Non loin du Connecticut s’ouvre la baie merveilleuse où les Hollandais depuis 1614 font avec les Indiens le commerce des pelleteries. Leur Colonie de New-Amsterdam vient de passer sous la domination anglaise et d’échanger son nom pour celui de New-York ; mais elle demeure très cosmopolite. Les Hollandais y ont introduit des travailleurs allemands. D’autre part des huguenots français s’y sont réfugiés. Ils domineront même, à un moment par le nombre et la richesse.

De l’autre côté de l’Hudson, dans le New-Jersey, de formation toute récente, des Écossais font souche implantant les idées presbytériennes ! C’est un pays de fermage. Le Delaware au Sud du New-Jersey était une colonie suédoise issue d’un projet grandiose de Gustave-Adolphe qu’après la mort du monarque le chancelier Oxenstiern réalisa. Les suédois du Delaware sont il est vrai, tombés sous le joug hollandais et maintenant que la Hollande se retire du nouveau monde, leur territoire dépend, en fait, des Pensylvaniens, leurs puissants voisins. La Pensylvanie touche au Maryland ; l’une et l’autre de ces colonies mentent à leur origine. William Penn, le quaker, ayant obtenu ces belles terres du roi Charles ii en paiement d’une créance, les avait offertes à ses frères persécutés. Il avait présidé à leur installation, leur donnant des lois et des conseils puis s’en était retourné en Angleterre. Lorsqu’il est revenu quinze ans plus tard la prospérité de sa fondation n’a pu le consoler de l’échec subi par ses conceptions si génialement utopiques. Il achève à présent de mourir, dans sa première patrie, obscur et délaissé. Quant au Maryland, lord Baltimore l’avait acquis plus anciennement encore en vue d’en faire l’asile des catholiques anglais et ceux-ci l’avaient généreusement ouvert à tous les chrétiens. Ç’avait été avec Rhode-Island, le seul coin de terre sur les rives de l’Atlantique où l’on put prier et penser à peu près librement.

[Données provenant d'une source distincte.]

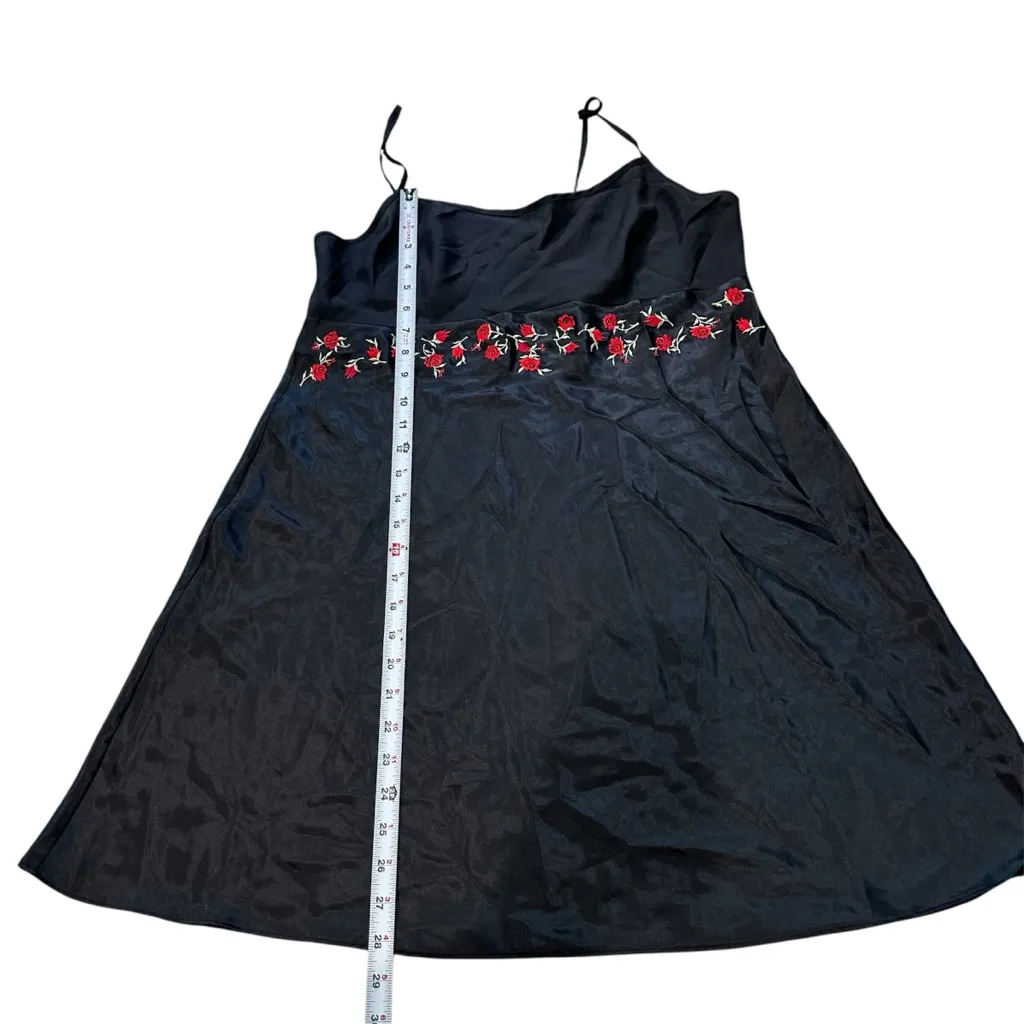 Delicates women’s lingerie‎ dress - Image 2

Là, aux confins de la Virginie, commence ce qu’on appelle encore aujourd’hui le Sud, et déjà sont posés devant l’avenir les termes du redoutable problème qui recevra près de deux siècles plus tard une sanglante solution. Dès 1619, un vaisseau hollandais débarquait sur le sol virginien une vingtaine d’esclaves noirs. Les planteurs se les étaient partagés et en avaient fait venir d’autres. Jusque là, ils n’avaient eu que des serviteurs d’occasion, aventuriers ou jail-birds, échappés du bagne ; il leur fallait une main d’œuvre pour la culture du tabac qui prenait une rapide extension et cette marchandise humaine avait été la bienvenue. Ils ont calmé leurs consciences en songeant que l’esclavage n’est pas condamné par la Bible.

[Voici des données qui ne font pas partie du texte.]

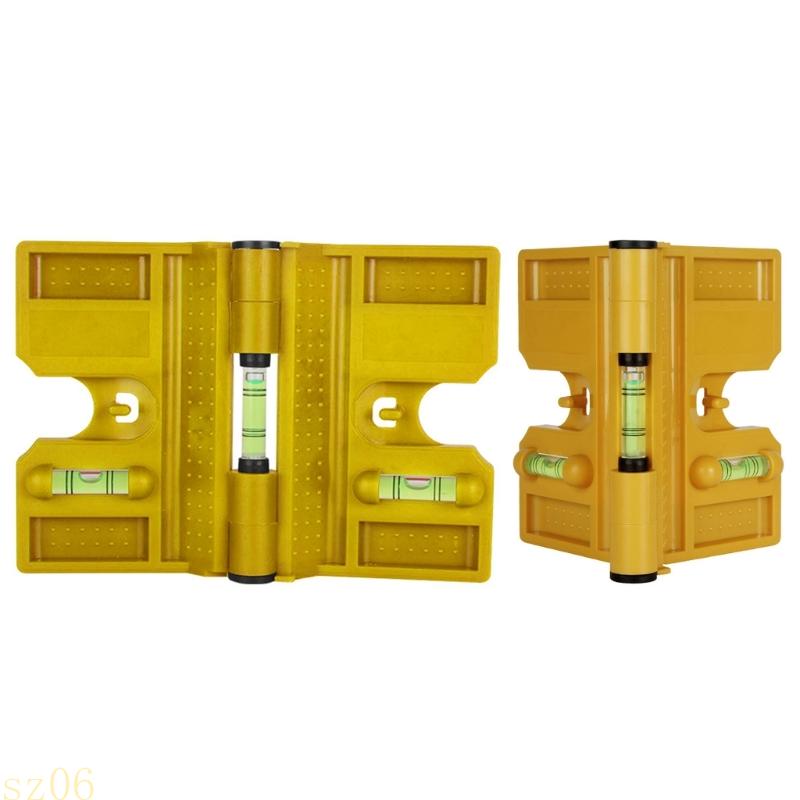 Q2Q4 Máy bằng trụ có thể gập l - đánh giá và giá Home Improvement Contractor
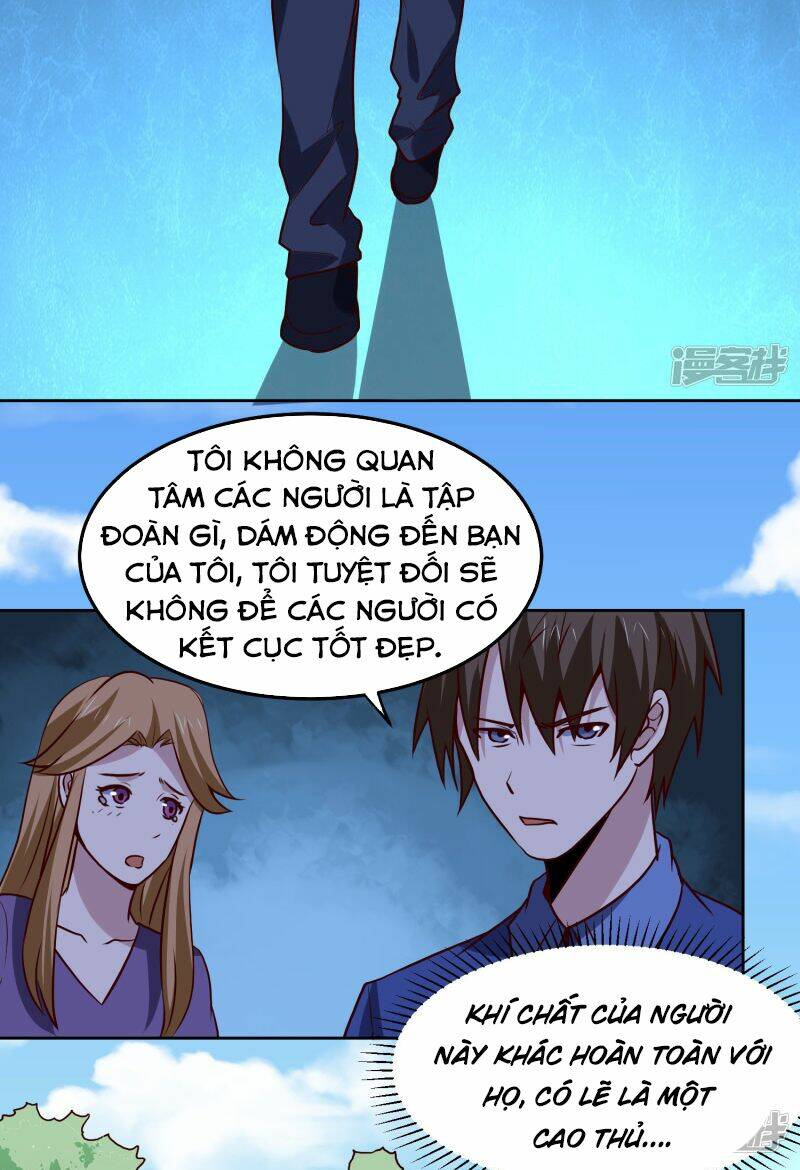 Chương 129 - Trang 14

La Caroline, la dernière des dix colonies appartient à quelques grands seigneurs anglais ; mais c’est du roi de France, Charles ix, qu’elle tient son nom. Jean Ribaut en 1562, Laudounière un peu après y ont créé sous l’inspiration de Coligny deux villages huguenots. Après la révocation de l’Édit de Nantes beaucoup y émigrent. Ils créeront par la suite à Charleston, une société rigide, mais polie, raffinée et distinguée. La Caroline demeurera longtemps la plus méridionale des colonies. En 1732, seulement un officier anglais fonda avec l’appui de George ii la Géorgie où des protestants de Salzbourg et d’autres villes d’Allemagne trouvèrent aussitôt un refuge contre les persécutions. Cette même année devait naître celui auquel était réservé l’honneur d’unir tous ces éléments disparates pour en faire une nation : George Washington.